WRONG : split data from images and labels 0.8 0.1 0.1

In [None]:
import os
import random
import shutil
from concurrent.futures import ProcessPoolExecutor

# Directories
images_dir = '/mnt/storage/kilsar_jainil/train/Train/JPEGImages/'
labels_dir = '/mnt/storage/kilsar_jainil/train/Train/labels'
# Output directories
output_base_dir = '/home/research/kilasar_sentinal_wepon_detection/suryansh/outsiside_data/dataset-2'
train_images_dir = os.path.join(output_base_dir, 'train/images')
train_labels_dir = os.path.join(output_base_dir, 'train/labels')
valid_images_dir = os.path.join(output_base_dir, 'valid/images')
valid_labels_dir = os.path.join(output_base_dir, 'valid/labels')
test_images_dir = os.path.join(output_base_dir, 'test/images')
test_labels_dir = os.path.join(output_base_dir, 'test/labels')

# Ensure output directories exist
os.makedirs(train_images_dir, exist_ok=True)
os.makedirs(train_labels_dir, exist_ok=True)
os.makedirs(valid_images_dir, exist_ok=True)
os.makedirs(valid_labels_dir, exist_ok=True)
os.makedirs(test_images_dir, exist_ok=True)
os.makedirs(test_labels_dir, exist_ok=True)

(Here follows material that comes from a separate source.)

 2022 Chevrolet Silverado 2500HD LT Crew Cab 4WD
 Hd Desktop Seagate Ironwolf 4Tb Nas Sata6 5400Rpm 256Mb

# List all files in images_dir and labels_dir
images_files = os.listdir(images_dir)
labels_files = os.listdir(labels_dir)



# # Shuffle the lists
# random.shuffle(images_files)
# random.shuffle(labels_files)


# Calculate split sizes
total_files = len(images_files)
train_split = int(total_files * 0.8)
valid_split = int(total_files * 0.1)

# Split the data
train_images = images_files[:train_split]
valid_images = images_files[train_split:train_split + valid_split]
test_images = images_files[train_split + valid_split:]

train_labels = labels_files[:train_split]
valid_labels = labels_files[train_split:train_split + valid_split]
test_labels = labels_files[train_split + valid_split:]

# Function to copy files
def copy_files(files, source_dir, dest_dir):
    for file in files:
        shutil.copy(os.path.join(source_dir, file), dest_dir)

# Use ProcessPoolExecutor with 32 cores
n_workers = 55
with ProcessPoolExecutor(max_workers=n_workers) as executor:
    # Copy train images and labels
    executor.submit(copy_files, train_images, images_dir, train_images_dir)
    executor.submit(copy_files, train_labels, labels_dir, train_labels_dir)
    
    # Copy validation images and labels
    executor.submit(copy_files, valid_images, images_dir, valid_images_dir)
    executor.submit(copy_files, valid_labels, labels_dir, valid_labels_dir)
    
    # Copy test images and labels
    executor.submit(copy_files, test_images, images_dir, test_images_dir)
    executor.submit(copy_files, test_labels, labels_dir, test_labels_dir)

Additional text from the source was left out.